◆ ASSIGNMENT
In the entries below, begin at the line that has "2023 Ford F350 S/D Lariat", stop after the line that has "La prensa británica", and output those lines exactly with no pictures.

◆ RECORDS FOR PROCESSING
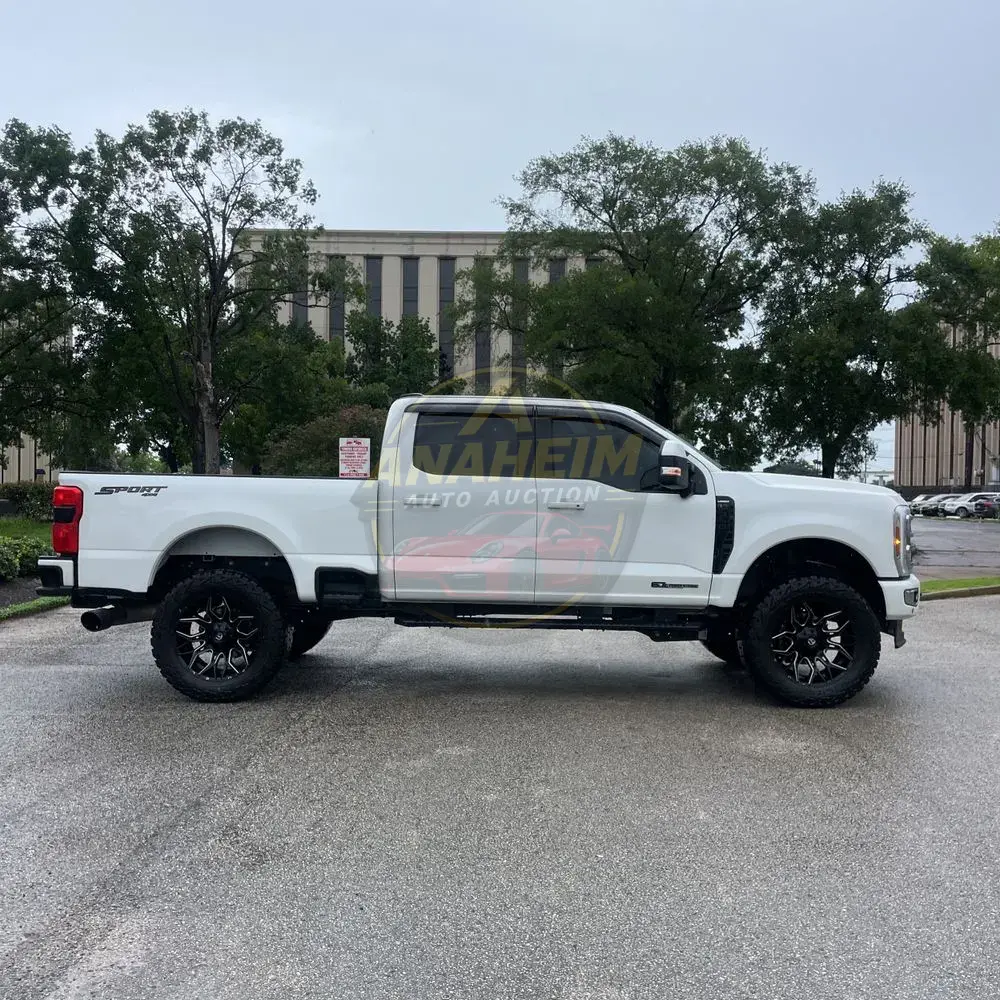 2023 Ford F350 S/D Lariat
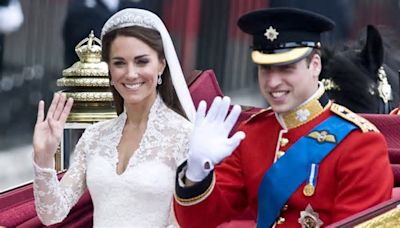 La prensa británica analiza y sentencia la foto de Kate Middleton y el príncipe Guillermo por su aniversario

---

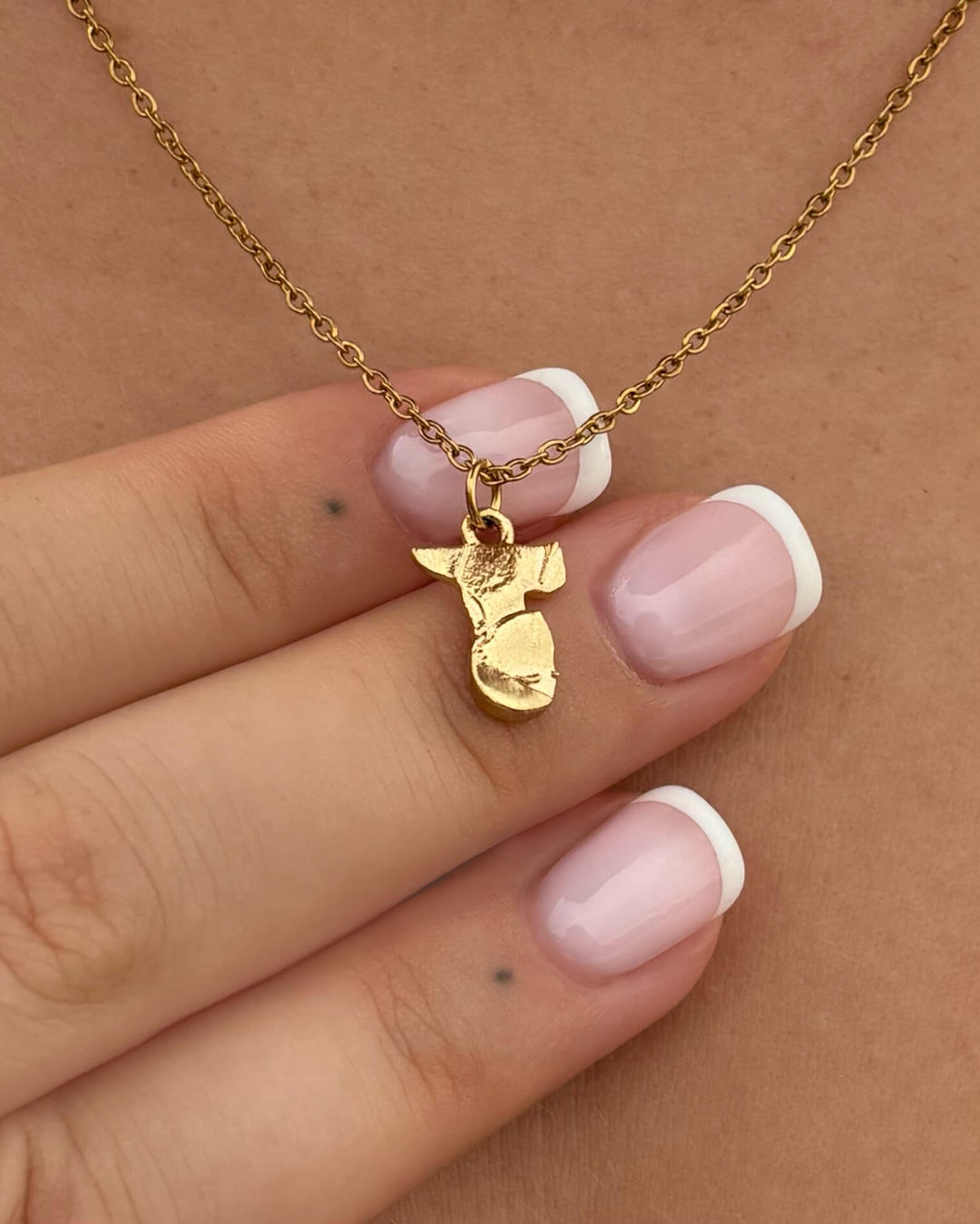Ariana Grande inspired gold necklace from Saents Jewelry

◆ WRITTEN RESPONSE
 2023 Ford F350 S/D Lariat
 La prensa británica analiza y sentencia la foto de Kate Middleton y el príncipe Guillermo por su aniversario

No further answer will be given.